コンセプトとはその語源があらわすように「妊娠する」「胚胎する」「何かを内側に宿す」という生産的なニュアンスに富んでいる。ニーチェを敷衍していうと「別の価値付けされた2つの対象を等価に置いたうえで導き出された対象」が「コンセプト=概念」である。それはメタフォリカルにいえば、男と女が性交したのちに、妊娠という生産的原初に至るということでもある。妊婦の腹、あの表象こそが、有史以前から発生していた宇宙論的コンセプトの初発なのだ。人間界の、動物界の卵の生成と懐妊。雄性と雌性の等価的価値は、ひとつの子供の出現を待つ「コンセプト=概念=妊娠」によって確約されると言える。






映画作家は映画を作る。芸術家は作品を作る。夫と妻が子供をつくるように。






そして、画家や詩人、小説家、単独の音楽家のケースに顕著なのだが、芸術家がたった1人であり、1人が1つのものを制作する場合でも、当然ながらそれもまた作品である。ありとあらゆる価値付けの領野のなかで、芸術家は析出する。2つのものや3つのものや4つのものを、ありとあらゆる諸現実の諸領野から析出し、想像し、抽象し、具体化し、現実化する過程を持つ。1人は夫と妻を同時に兼ね備え、二重化、三重化された知覚から認識を拡大させ、ついに1人を複数に諸分割する契機をも創出する。1人の芸術家はこう考える。数学者ブラウアーの「two-onenessの理論」が捉えたように、1つのものを2つのものに分割することに、または2つのものを1つのものとみなすことによって、・・・そればかりか、1つが1つであることの条件として必ず1つを2つとして捉えなければならない、という諸分割/諸連結の使命によって、作品の能産的無限がひとつの作品それ自身に胚胎されるだろう、と。





いっさいの同一性の拒否?そうかもしれない。ここにはカント以降の「物」のステイタス、つまり「物」が単一に自律してあるのでなく、「物」の背後には必ず「物自体」がある、というデュアリティを問題にする態度が付随しているのだ。(ラジオ番組『菊池成孔の粋な夜電波』第57回における菊池成孔の発言によると、ジャズ・ピアニストのジョージ・ラッセルも1オクターヴを二つに分裂するものとして捉えていたということだ・・一体全体何が起こっているのだろうか?)。
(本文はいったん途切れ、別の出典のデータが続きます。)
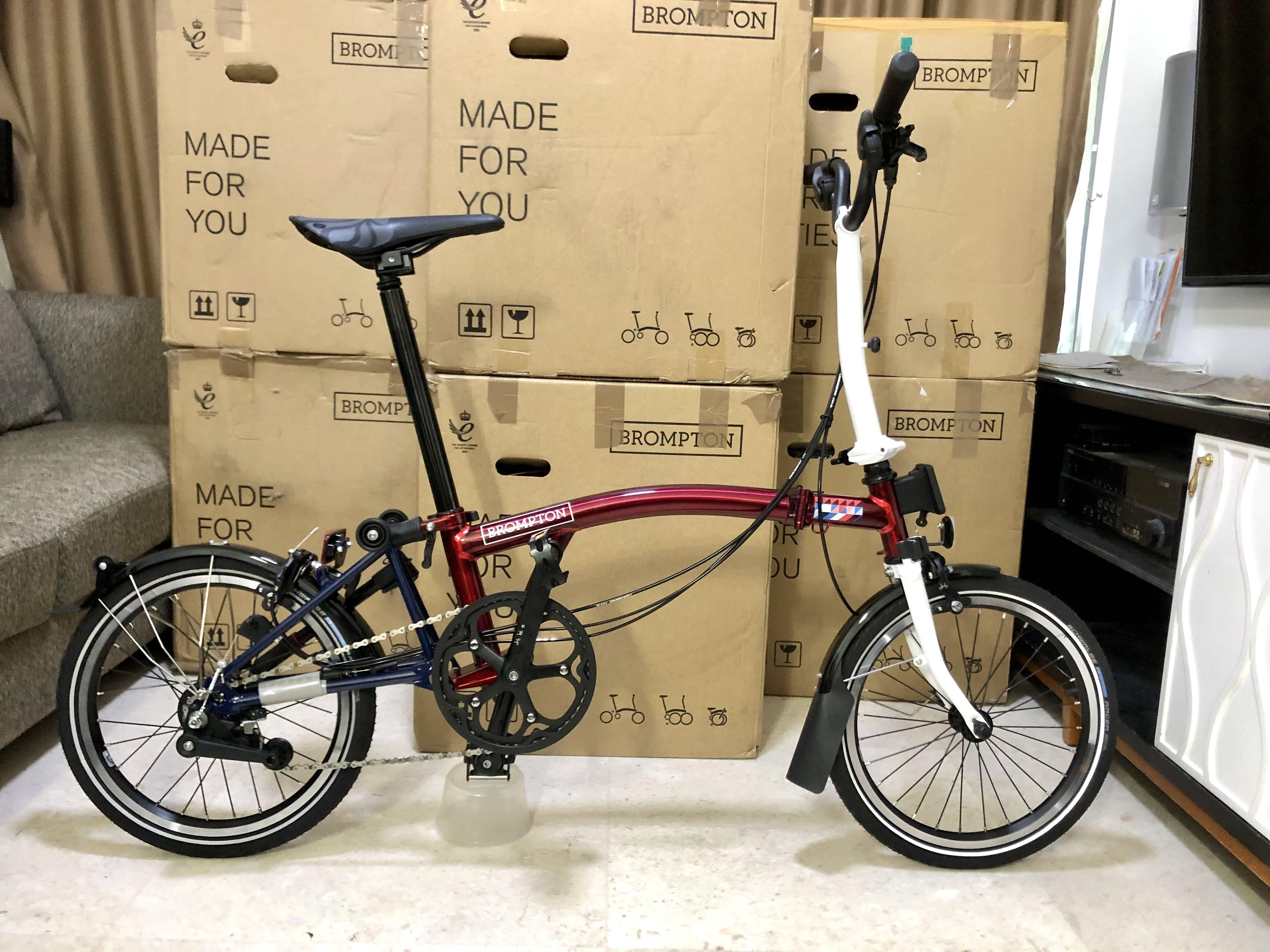 Brompton x Team GB Special Edition READY STOCK IN SINGAPORE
コンセプト胚胎の段階では、所与として数があるのではない。数は任意であり、選択された対象は表象界において可視化される物体数を析出する。そのリストアップ(平面的羅列)は作品=子供の条件である。そうして1つの作品によって作者が見出される。次に1つの作品の子供としての作者が再びあらわれる。






平日のオフィス・・・またはどこかのミーティングルーム・・・とある人物が「コンセプトは?・・・コンセプトは、どういったものでしょう?」と問い続ける。なぜだろうか?なぜ、コンセプトが必要なのだろうか?どういった要請があったのだろうか?もちろん、察しのとおり、社会的、経済的安全弁としてコンセプトは自らのうちに、社会的な機能性を認めている。一般的にそれがコンセプトだとさえ思われている。ゆえにコンセプトは、その概念的価値を貶められ、イデオロギー的になっているとも言える。真のコンセプトとは、つまり、「能動的に孕ます」ということは、苛烈なイデアから生産した強度の「概念」であって、イデオロギーが先行するものではない。だからイデオロギー的にコンセプトを求める者はつねにイデオロギー的ジェネラル・コンセプトを求めているに過ぎない。そして、この場合、イデアとは何なのか?イデアがコンセプトにいかなる関与の仕方をしているのか?もちろん、イデオロギー的ジェネラル・コンセプトによって隅に追いやられているのは、イデアであって、イデオロギーではない。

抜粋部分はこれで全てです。